◆ **What you will do**
Pictures stay out of the copy. Transcribe exactly, and only, the line with "Đồng hồ thời" through the last line of the entries below.

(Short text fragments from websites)
______________________________

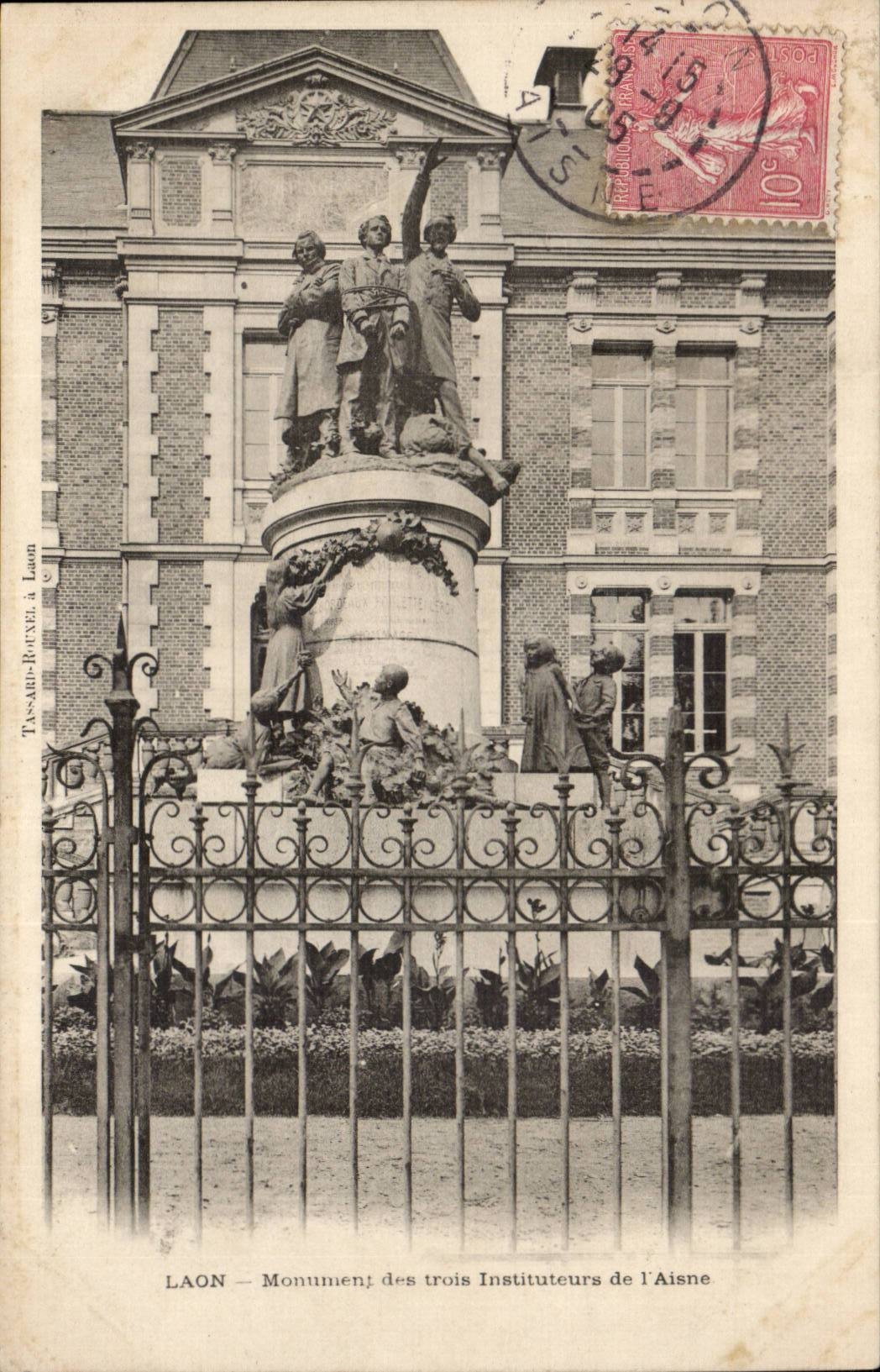 Laon CPa Monument of the three teachers of Aisne
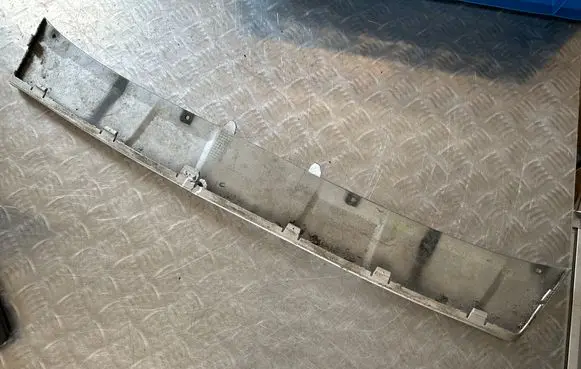 Volvo V40 Front bumper lip 31383786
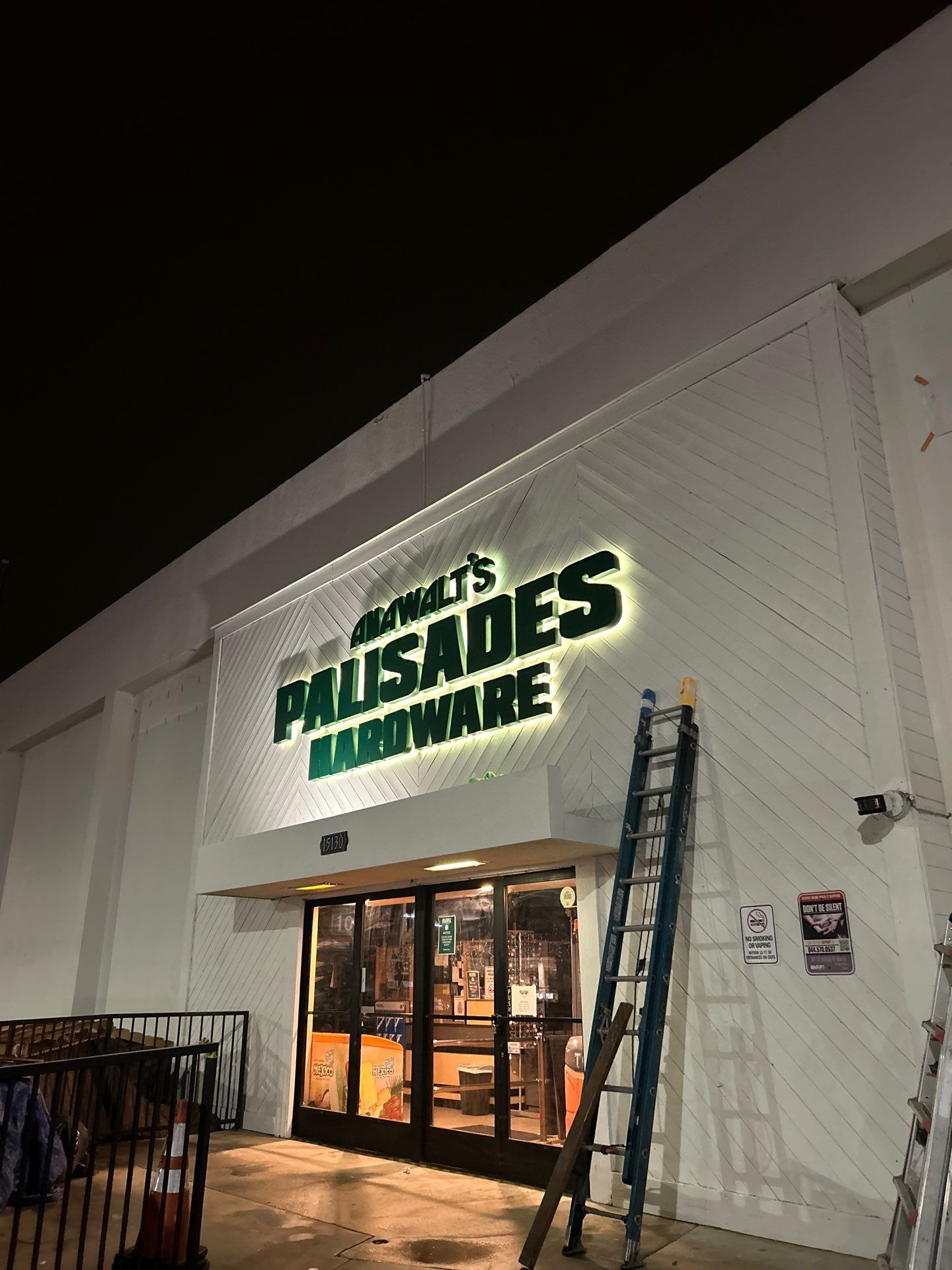 Project in Los Angeles by Golden State Signs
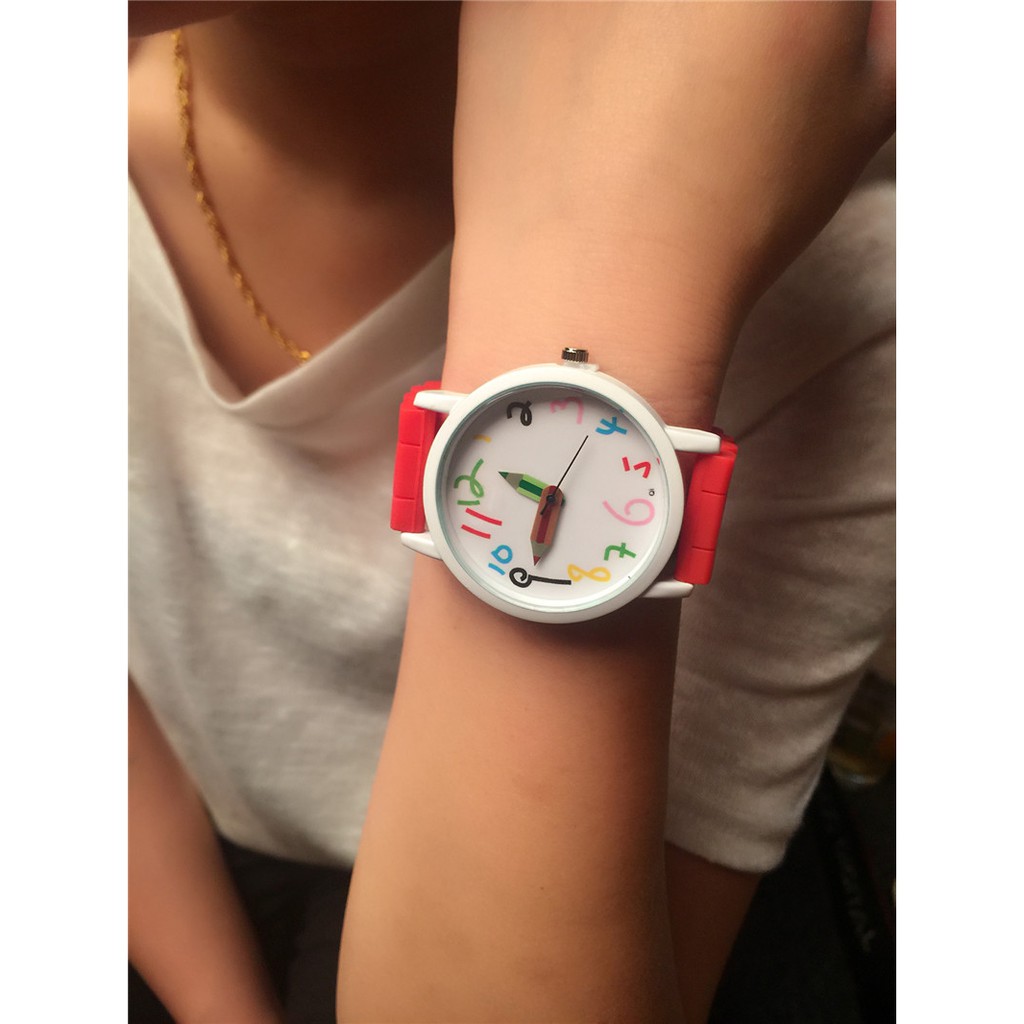 Đồng hồ thời trang nữ AKM03 mặt số dể dàng xem giờ, dây silicon mềm đeo êm tay, phù hợp độ tuổi 6 - 20 | BigBuy360 - bigbuy360.vn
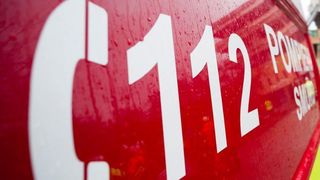 Bărbatul care a incediat o fată de 17 ani din Mehedinţi a murit &icirc;n spital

______________________________

◆ **Response to the exercise**
 Đồng hồ thời trang nữ AKM03 mặt số dể dàng xem giờ, dây silicon mềm đeo êm tay, phù hợp độ tuổi 6 - 20 | BigBuy360 - bigbuy360.vn
 Bărbatul care a incediat o fată de 17 ani din Mehedinţi a murit &icirc;n spital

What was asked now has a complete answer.